В ночь на 12 апреля чекисты вместе с латышскими стрелками приступили к ликвидации баз «черной гвардии». Ожесточенный бой разгорелся за здание бывшего купеческого клуба (ныне театр Ленком на Малой Дмитровке). В ходе операции погибло 12 чекистов. 66 анархистов были арестованы, некоторые впоследствии осуждены за грабежи. Дзержинский сообщил, что преступность в городе сразу снизилась на 80 процентов.

13 апреля в московских газетах появилось обращение председателя ВЧК к жителям столицы: «Всероссийская чрезвычайная комиссия по борьбе с контрреволюцией и спекуляцией при Совете Народных Комиссаров приглашает всех граждан, пострадавших от вооруженных ограблений, явиться в уголовно-розыскную милицию (3-й Знаменский переулок) для опознания грабителей, задержанных при разоружении анархистских групп, в течение 3 дней от 12 ч. до 2 ч., считая первым днем 13 апреля».

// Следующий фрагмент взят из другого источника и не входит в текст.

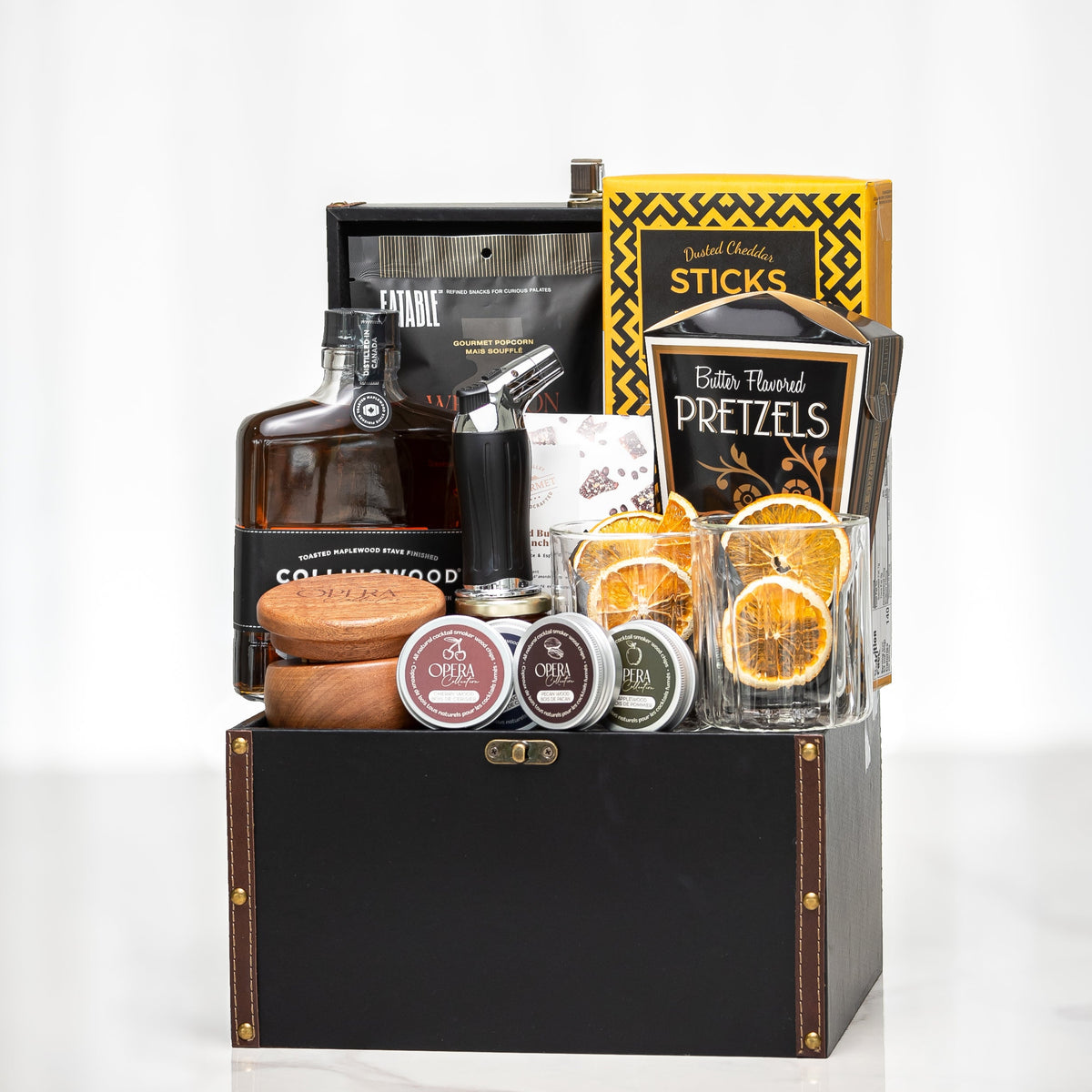 Gentleman's Pour gift box with a decanter, pretzel sticks, dried orange and savoury snacks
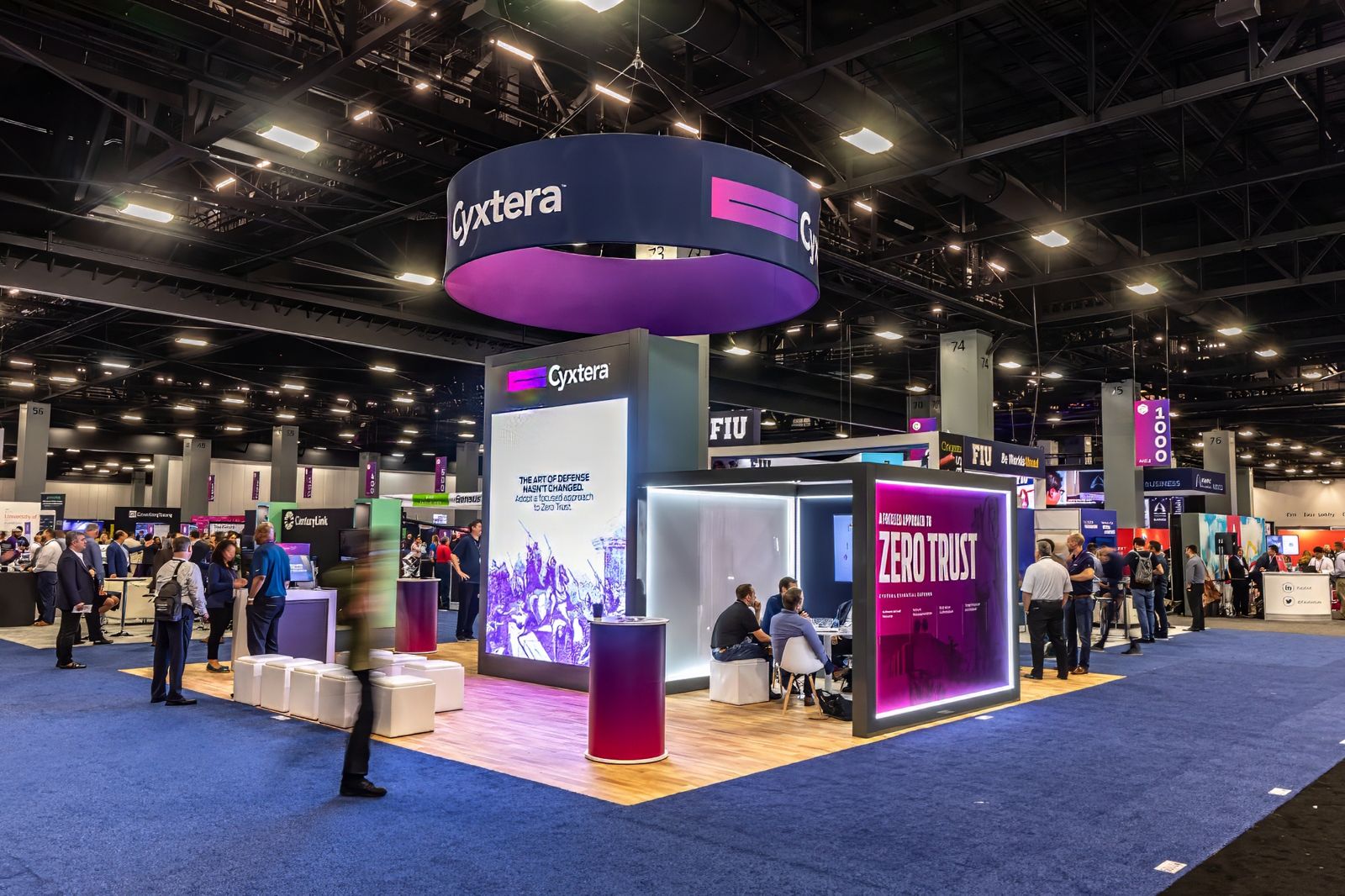 Large exhibitor booth with a hanging sign on a convention floor
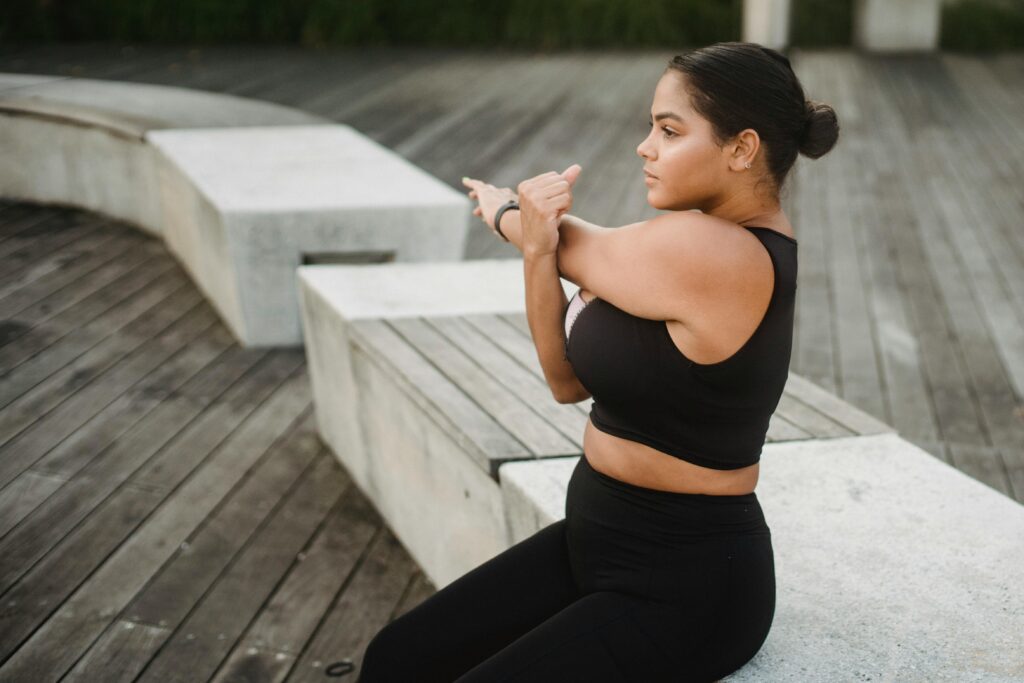 Woman stretching her arms, demonstrating tips for swimmers for dryland exercises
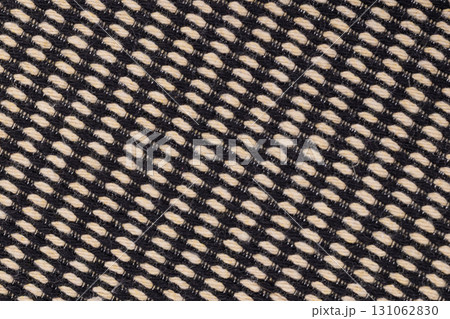 Black and beige woven fabric texture close up 131062830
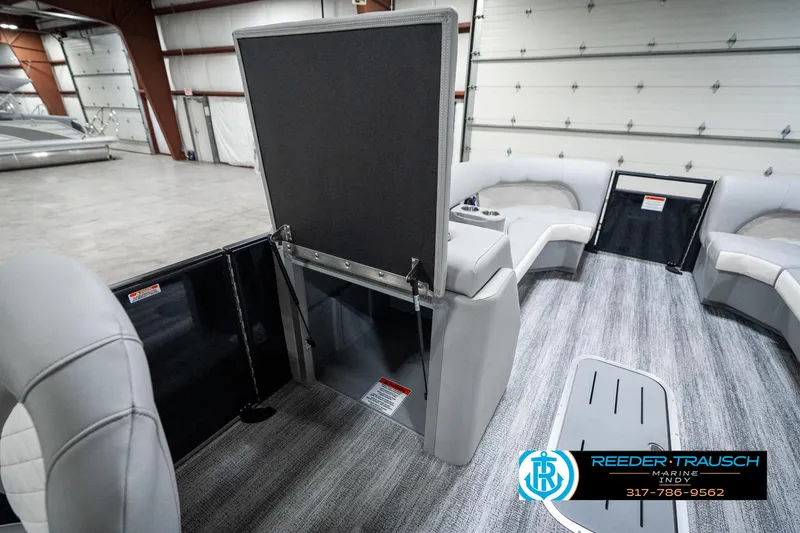 Slide: The Image of 2025 Bennington 25 LPD interior with seating and storage in a showroom. - 25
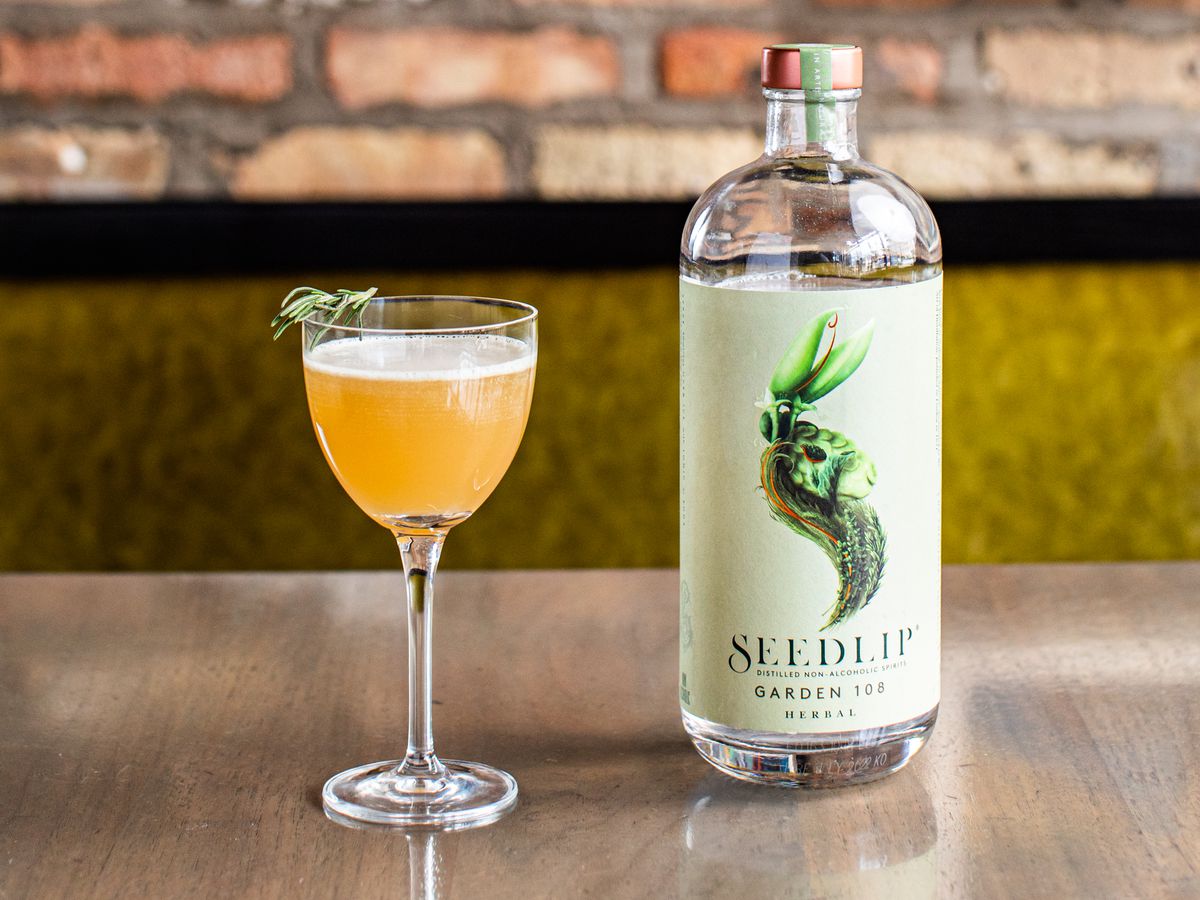 A bright yellow cocktail topped with herbs, and a glass bottle of Seedlip Garden 108.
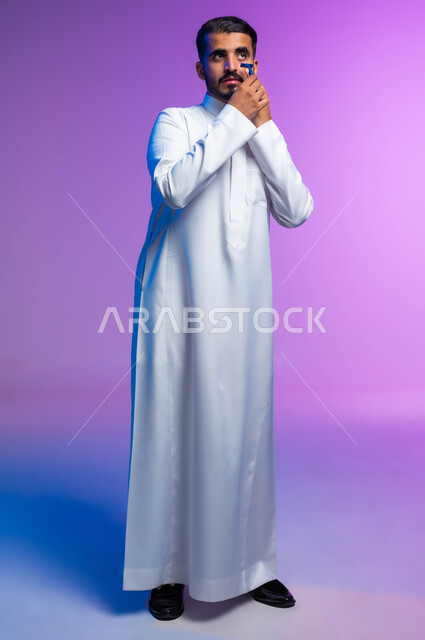 الاهتمام بالمظهر الخارجي، بورتريه لرجل عربي خليجي سعودي يرتدي الثوب التقليدي يقوم بإزالة شعر الوجه باستخدام شفرة الحلاقة الرجالية، مفهوم العناية بالبشرة والنظافة الشخصية، صورة لكامل الجسم، خلفية ملونة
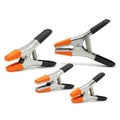 Set of Four Orange and Black Spring Clamps on White Royalty Free Stock Photo
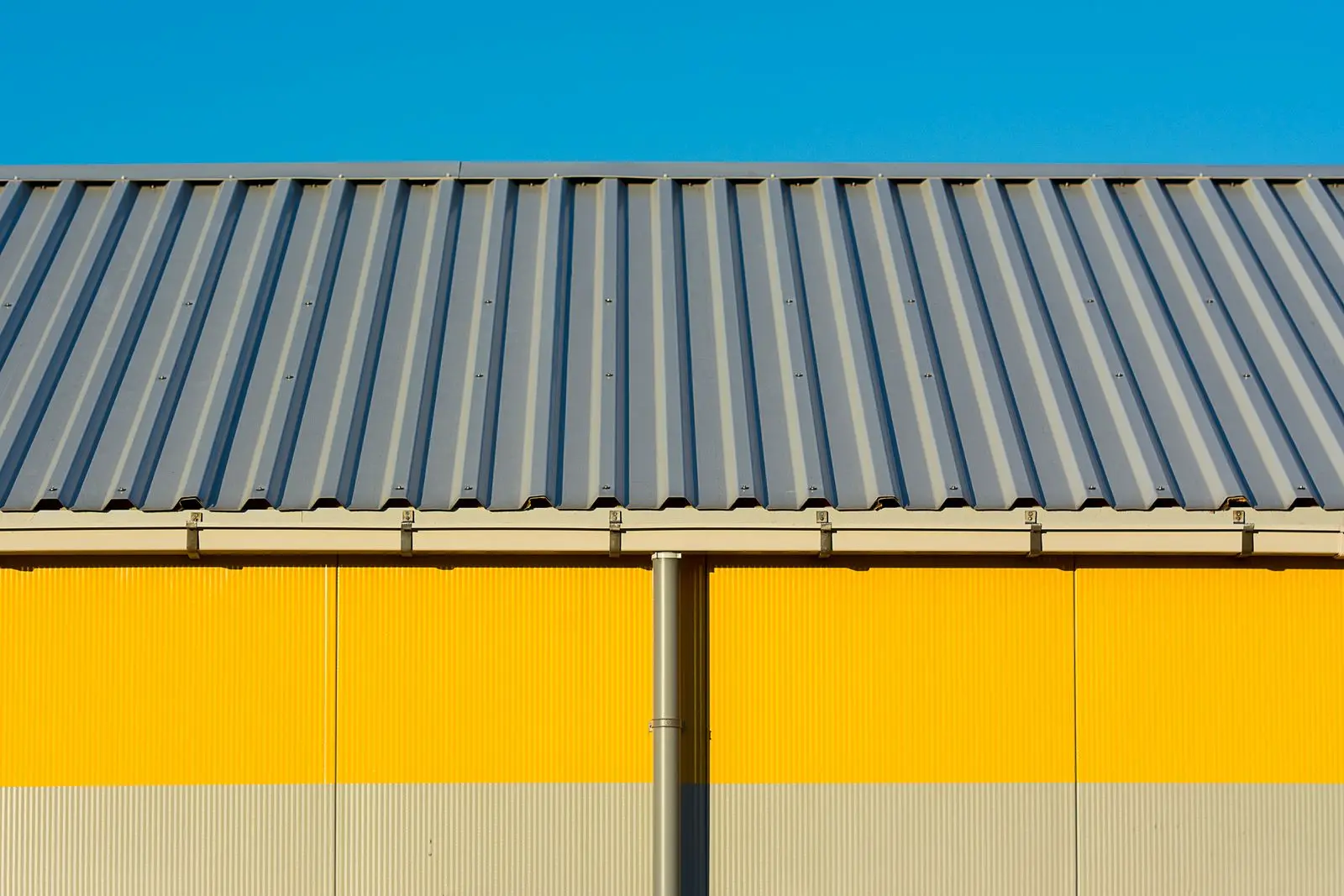 Façade d'entrepôt jaune sous toiture métallique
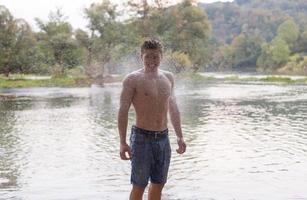 man with a bare torso splashing water photo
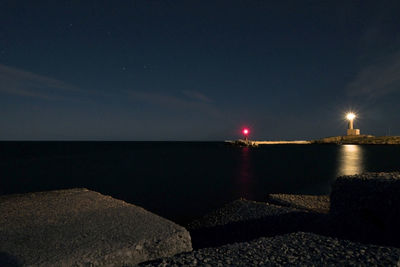 Scenic view of sea against sky at night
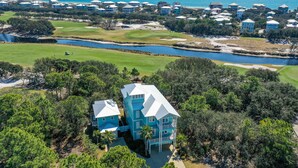 A coastal property with a golf course, a body of water, and a large house surrounded by trees. - Tropical Holiday house at Kiva Dunes (Gulf Shores)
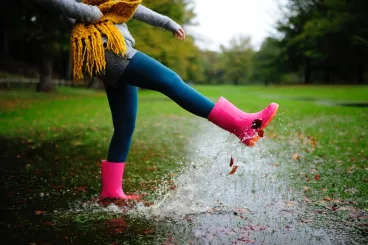 Une femme vêtue de bottes de pluie saute dans des flaques d’eau
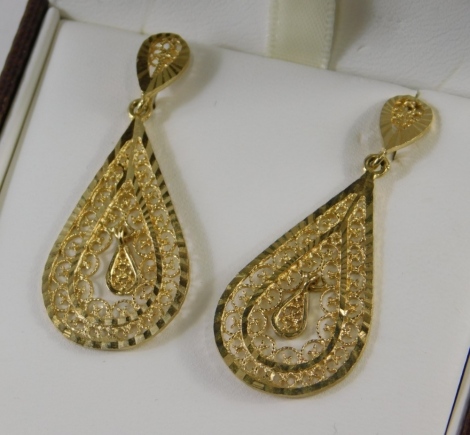 A pair of teardrop earrings, each of filigree pierced design, Middle Eastern in style, white metal stamped 9ct sil, 3g all in.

Один артельщик, явившийся по этому приглашению в милицию, опознал преступника, ограбившего его на 300 тысяч рублей.

А перед идейными анархистами, чье влияние оставалось значительным, власти по-своему извинились. В интервью «Известиям» 16 апреля Дзержинский говорил:

«Идейных анархистов среди лиц, задержанных нами в ночь на 12 апреля, очень мало, среди сотен — единицы. Мы их освобождаем, и если, быть может, некоторые из них будут привлечены к ответственности, то только за прикрытие преступлений, совершенных уголовными элементами. Мы ни в коем случае не имели в виду вести борьбу с идейными анархистами».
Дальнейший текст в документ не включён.